(Beginning of The data)

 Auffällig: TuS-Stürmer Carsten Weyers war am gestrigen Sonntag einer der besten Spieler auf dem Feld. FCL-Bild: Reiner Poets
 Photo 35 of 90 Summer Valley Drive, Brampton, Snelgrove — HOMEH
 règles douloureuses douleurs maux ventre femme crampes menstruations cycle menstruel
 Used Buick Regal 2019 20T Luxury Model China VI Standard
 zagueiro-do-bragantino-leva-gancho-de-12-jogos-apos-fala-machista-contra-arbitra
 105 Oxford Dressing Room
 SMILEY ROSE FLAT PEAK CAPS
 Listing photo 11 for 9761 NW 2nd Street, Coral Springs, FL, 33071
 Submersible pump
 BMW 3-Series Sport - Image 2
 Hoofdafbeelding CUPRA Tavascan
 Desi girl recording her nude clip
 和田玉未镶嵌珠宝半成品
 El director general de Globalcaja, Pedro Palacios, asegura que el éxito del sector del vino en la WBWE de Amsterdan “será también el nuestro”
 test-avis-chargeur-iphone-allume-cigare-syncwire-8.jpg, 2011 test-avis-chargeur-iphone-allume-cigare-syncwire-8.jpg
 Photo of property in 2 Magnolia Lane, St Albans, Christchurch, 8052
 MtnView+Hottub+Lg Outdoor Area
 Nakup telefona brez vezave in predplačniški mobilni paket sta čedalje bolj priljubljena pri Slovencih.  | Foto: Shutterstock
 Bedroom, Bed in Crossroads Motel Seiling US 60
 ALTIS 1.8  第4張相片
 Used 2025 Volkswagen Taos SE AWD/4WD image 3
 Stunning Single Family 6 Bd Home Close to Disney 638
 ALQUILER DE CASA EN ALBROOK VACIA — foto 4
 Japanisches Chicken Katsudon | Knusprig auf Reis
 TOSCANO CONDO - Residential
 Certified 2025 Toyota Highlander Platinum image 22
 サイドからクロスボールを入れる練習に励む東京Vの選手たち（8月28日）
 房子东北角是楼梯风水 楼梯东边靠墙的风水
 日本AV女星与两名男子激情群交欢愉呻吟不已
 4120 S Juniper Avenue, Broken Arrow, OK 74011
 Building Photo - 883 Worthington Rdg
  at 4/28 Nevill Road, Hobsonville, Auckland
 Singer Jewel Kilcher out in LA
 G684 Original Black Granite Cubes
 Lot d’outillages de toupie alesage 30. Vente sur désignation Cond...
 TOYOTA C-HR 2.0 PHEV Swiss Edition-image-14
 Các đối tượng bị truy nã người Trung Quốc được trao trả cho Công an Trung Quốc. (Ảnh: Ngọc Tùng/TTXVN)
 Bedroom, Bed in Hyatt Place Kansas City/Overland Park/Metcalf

(End of The data)

* _Required work_: The answer must be every entry, reproduced exactly.

* _Solved problem_:
 Auffällig: TuS-Stürmer Carsten Weyers war am gestrigen Sonntag einer der besten Spieler auf dem Feld. FCL-Bild: Reiner Poets
 Photo 35 of 90 Summer Valley Drive, Brampton, Snelgrove — HOMEH
 règles douloureuses douleurs maux ventre femme crampes menstruations cycle menstruel
 Used Buick Regal 2019 20T Luxury Model China VI Standard
 zagueiro-do-bragantino-leva-gancho-de-12-jogos-apos-fala-machista-contra-arbitra
 105 Oxford Dressing Room
 SMILEY ROSE FLAT PEAK CAPS
 Listing photo 11 for 9761 NW 2nd Street, Coral Springs, FL, 33071
 Submersible pump
 BMW 3-Series Sport - Image 2
 Hoofdafbeelding CUPRA Tavascan
 Desi girl recording her nude clip
 和田玉未镶嵌珠宝半成品
 El director general de Globalcaja, Pedro Palacios, asegura que el éxito del sector del vino en la WBWE de Amsterdan “será también el nuestro”
 test-avis-chargeur-iphone-allume-cigare-syncwire-8.jpg, 2011 test-avis-chargeur-iphone-allume-cigare-syncwire-8.jpg
 Photo of property in 2 Magnolia Lane, St Albans, Christchurch, 8052
 MtnView+Hottub+Lg Outdoor Area
 Nakup telefona brez vezave in predplačniški mobilni paket sta čedalje bolj priljubljena pri Slovencih.  | Foto: Shutterstock
 Bedroom, Bed in Crossroads Motel Seiling US 60
 ALTIS 1.8  第4張相片
 Used 2025 Volkswagen Taos SE AWD/4WD image 3
 Stunning Single Family 6 Bd Home Close to Disney 638
 ALQUILER DE CASA EN ALBROOK VACIA — foto 4
 Japanisches Chicken Katsudon | Knusprig auf Reis
 TOSCANO CONDO - Residential
 Certified 2025 Toyota Highlander Platinum image 22
 サイドからクロスボールを入れる練習に励む東京Vの選手たち（8月28日）
 房子东北角是楼梯风水 楼梯东边靠墙的风水
 日本AV女星与两名男子激情群交欢愉呻吟不已
 4120 S Juniper Avenue, Broken Arrow, OK 74011
 Building Photo - 883 Worthington Rdg
  at 4/28 Nevill Road, Hobsonville, Auckland
 Singer Jewel Kilcher out in LA
 G684 Original Black Granite Cubes
 Lot d’outillages de toupie alesage 30. Vente sur désignation Cond...
 TOYOTA C-HR 2.0 PHEV Swiss Edition-image-14
 Các đối tượng bị truy nã người Trung Quốc được trao trả cho Công an Trung Quốc. (Ảnh: Ngọc Tùng/TTXVN)
 Bedroom, Bed in Hyatt Place Kansas City/Overland Park/Metcalf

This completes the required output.